TASK DIRECTIONS: After locating the line with "this 1200×900 image." in the entries below, set down exactly that line and each one after it to the end, skipping pictures.

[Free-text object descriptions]
####

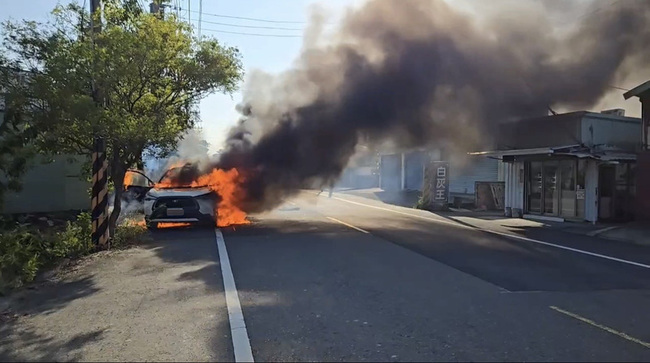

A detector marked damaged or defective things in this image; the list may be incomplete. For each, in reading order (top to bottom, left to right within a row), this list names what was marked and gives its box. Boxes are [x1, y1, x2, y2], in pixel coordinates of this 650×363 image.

damaged vehicle [123, 165, 219, 230]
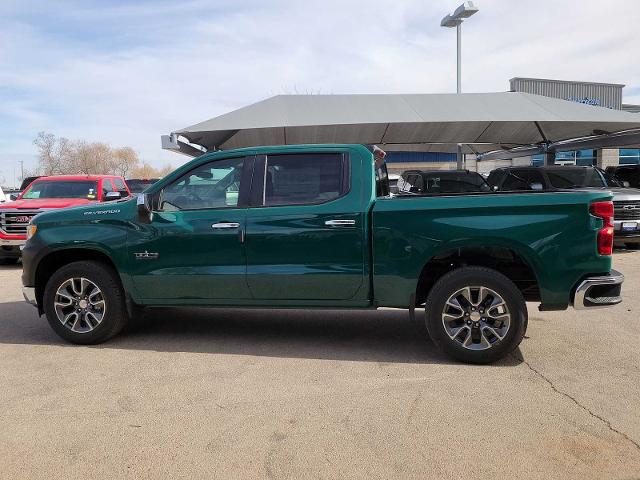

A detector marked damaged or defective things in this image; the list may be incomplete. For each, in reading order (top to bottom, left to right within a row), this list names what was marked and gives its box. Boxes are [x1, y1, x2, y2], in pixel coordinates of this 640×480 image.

cracked pavement [0, 253, 636, 478]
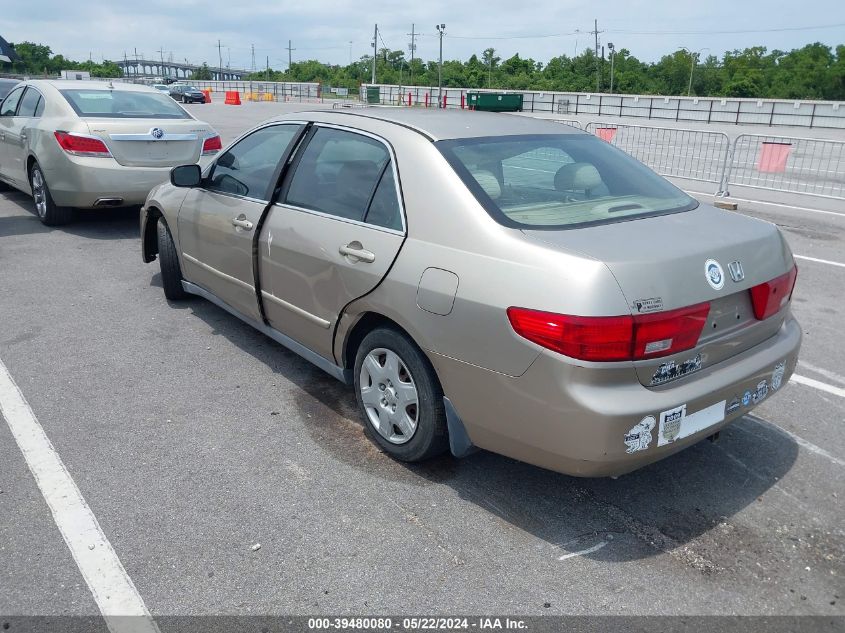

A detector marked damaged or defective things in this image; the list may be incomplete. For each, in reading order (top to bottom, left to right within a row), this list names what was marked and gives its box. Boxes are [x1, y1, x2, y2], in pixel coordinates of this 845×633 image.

dent in car door [177, 123, 304, 320]
dent in car door [258, 126, 406, 360]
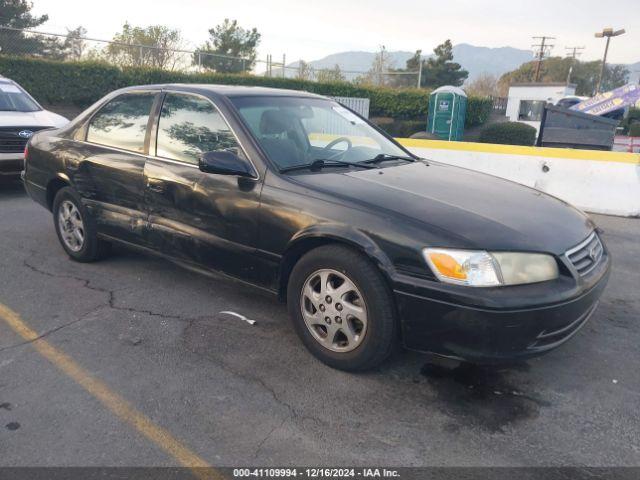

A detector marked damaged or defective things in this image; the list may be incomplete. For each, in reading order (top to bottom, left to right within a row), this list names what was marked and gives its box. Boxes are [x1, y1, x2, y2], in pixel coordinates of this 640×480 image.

dent on car door [74, 92, 159, 246]
dent on car door [144, 91, 264, 282]
cracked asphalt [0, 178, 636, 466]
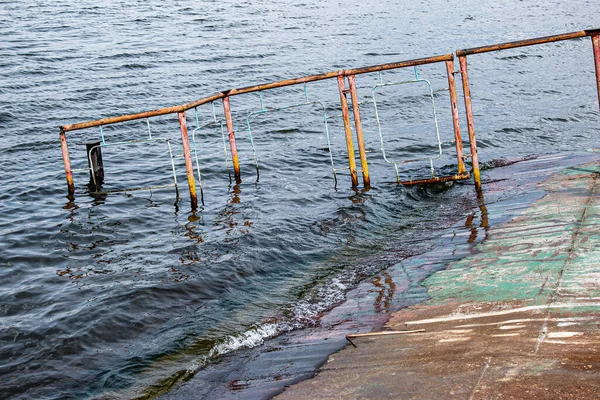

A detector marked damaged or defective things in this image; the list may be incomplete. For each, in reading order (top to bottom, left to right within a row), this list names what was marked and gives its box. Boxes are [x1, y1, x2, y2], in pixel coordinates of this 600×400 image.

corroded metal post [177, 109, 198, 209]
corroded metal post [223, 97, 241, 183]
rusty metal railing [58, 52, 468, 209]
rusty metal railing [61, 28, 600, 209]
corroded metal post [338, 74, 356, 188]
corroded metal post [346, 75, 370, 188]
corroded metal post [442, 58, 466, 174]
corroded metal post [460, 55, 482, 192]
paint-chipped surface [278, 161, 600, 398]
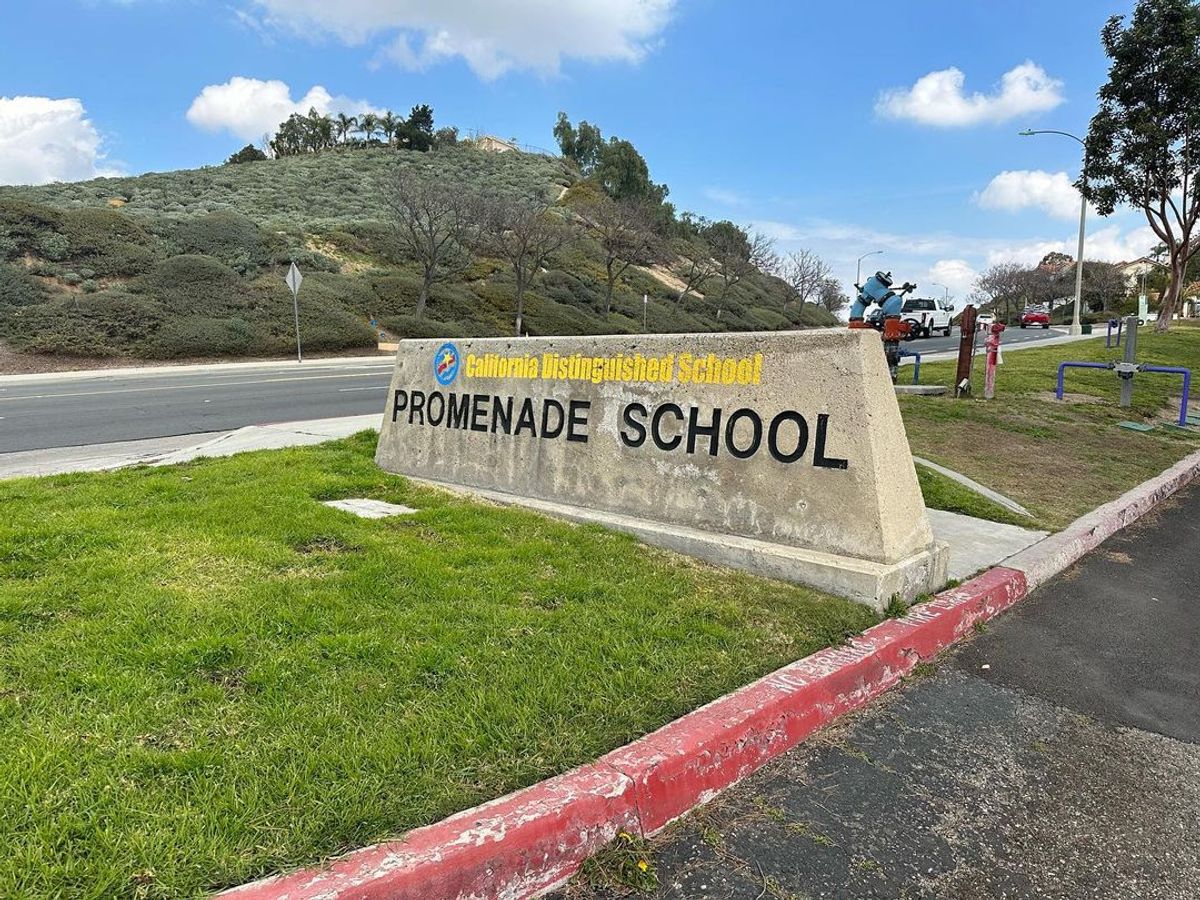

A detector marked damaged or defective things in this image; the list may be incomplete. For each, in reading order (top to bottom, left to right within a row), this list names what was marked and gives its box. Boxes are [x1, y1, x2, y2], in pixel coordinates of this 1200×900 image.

rusty metal post [955, 307, 974, 398]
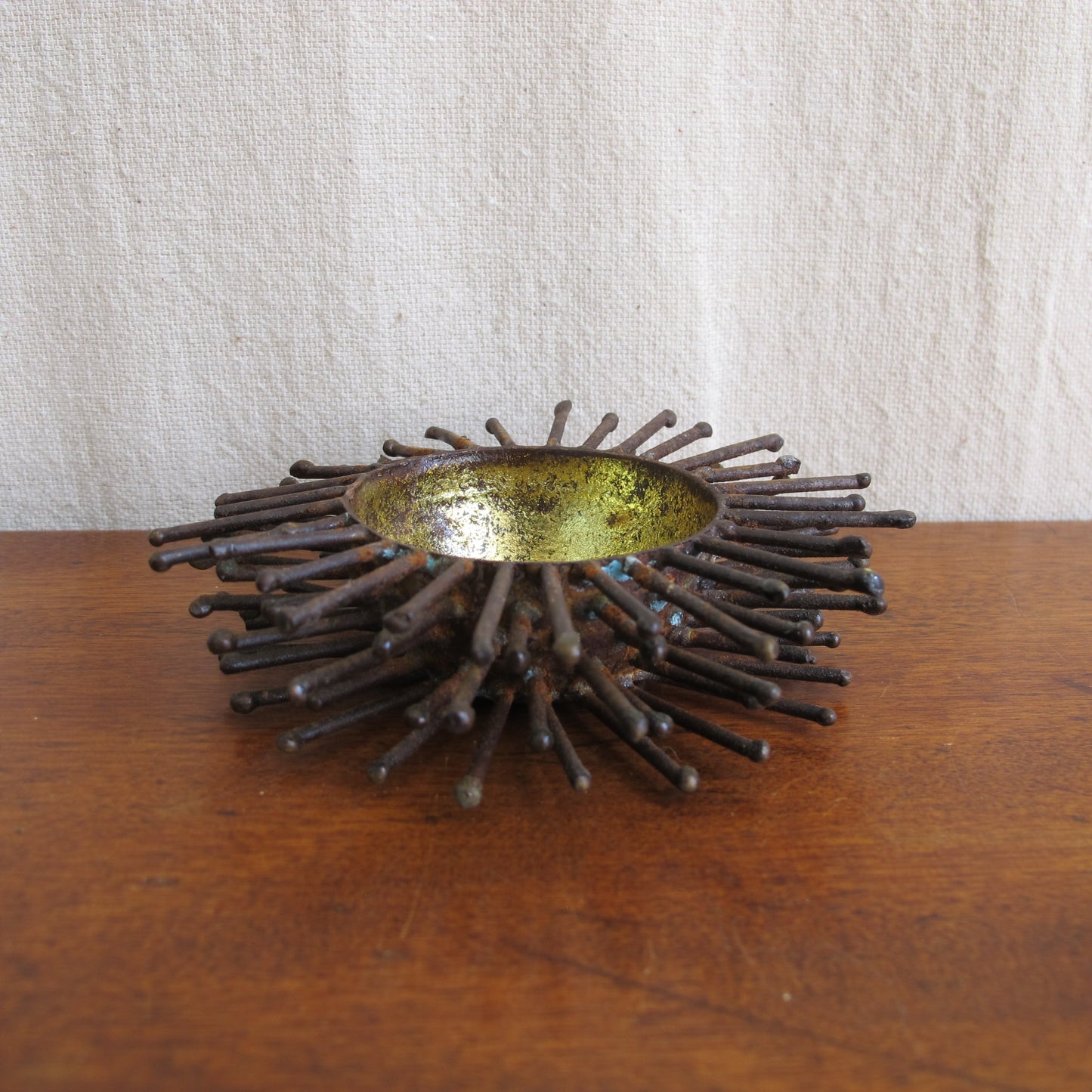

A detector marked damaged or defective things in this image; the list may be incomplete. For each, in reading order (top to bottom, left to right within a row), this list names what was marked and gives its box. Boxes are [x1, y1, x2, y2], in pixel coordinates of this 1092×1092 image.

rusted metal surface [145, 401, 913, 803]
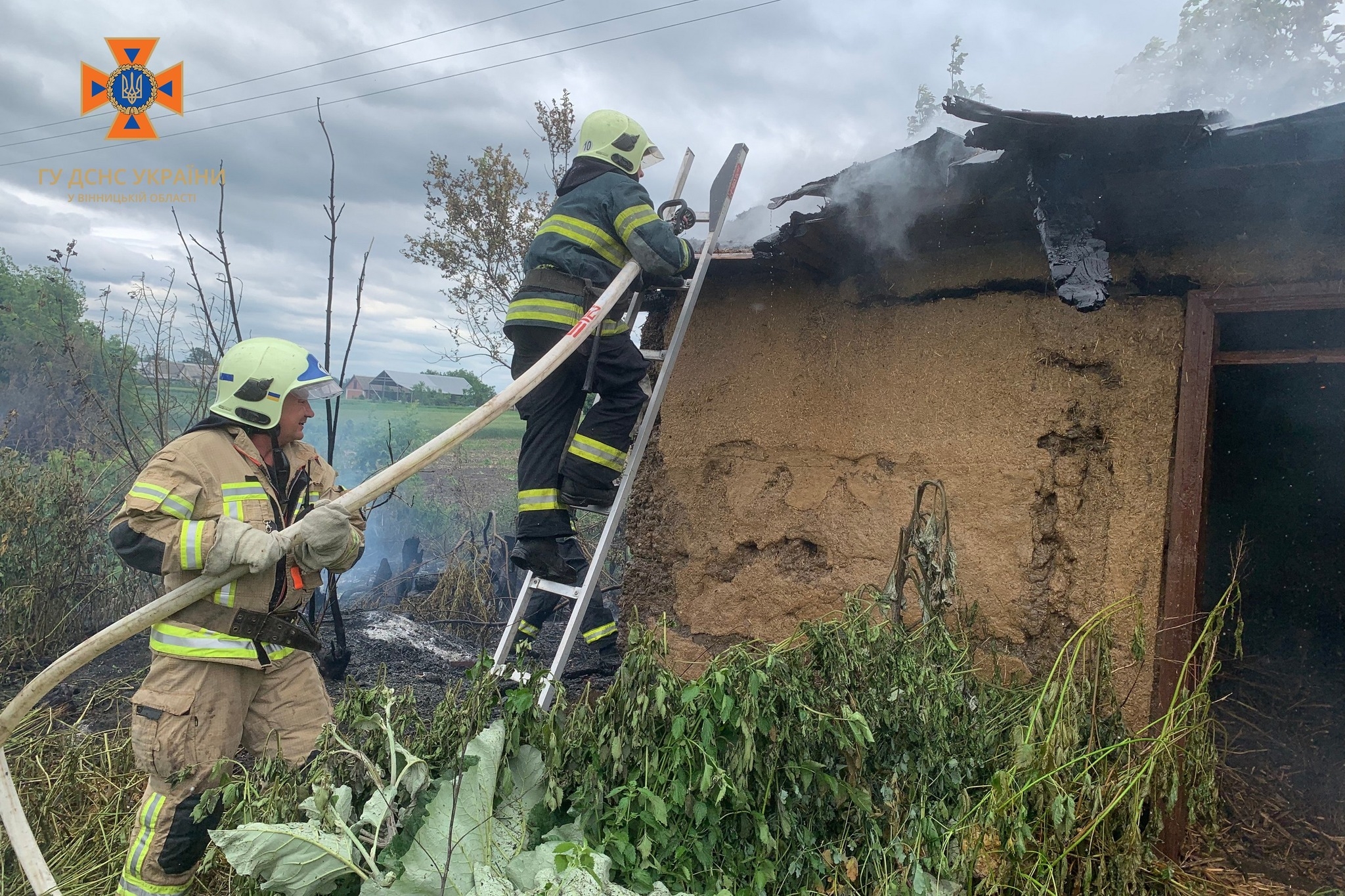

####

WORKED SOLUTION:
A detector marked damaged or defective things in this image; the list may be incomplete. For each, in reading order (top to bottom, left to right within a row), this list names what was marked and gives its box. Boxes are [x1, y1, x2, y2], in pixel coordinates of this 1200×900 image.

rusty metal post [955, 307, 974, 398]

A detector marked damaged or defective things in this image; the list may be incomplete. For each, in reading order (top to bottom, left to right within a row), this list names what was marked and gives its box. Boxes are [x1, y1, x2, y2], in pixel coordinates of this 1092×1092 image.

rusted metal surface [145, 401, 913, 803]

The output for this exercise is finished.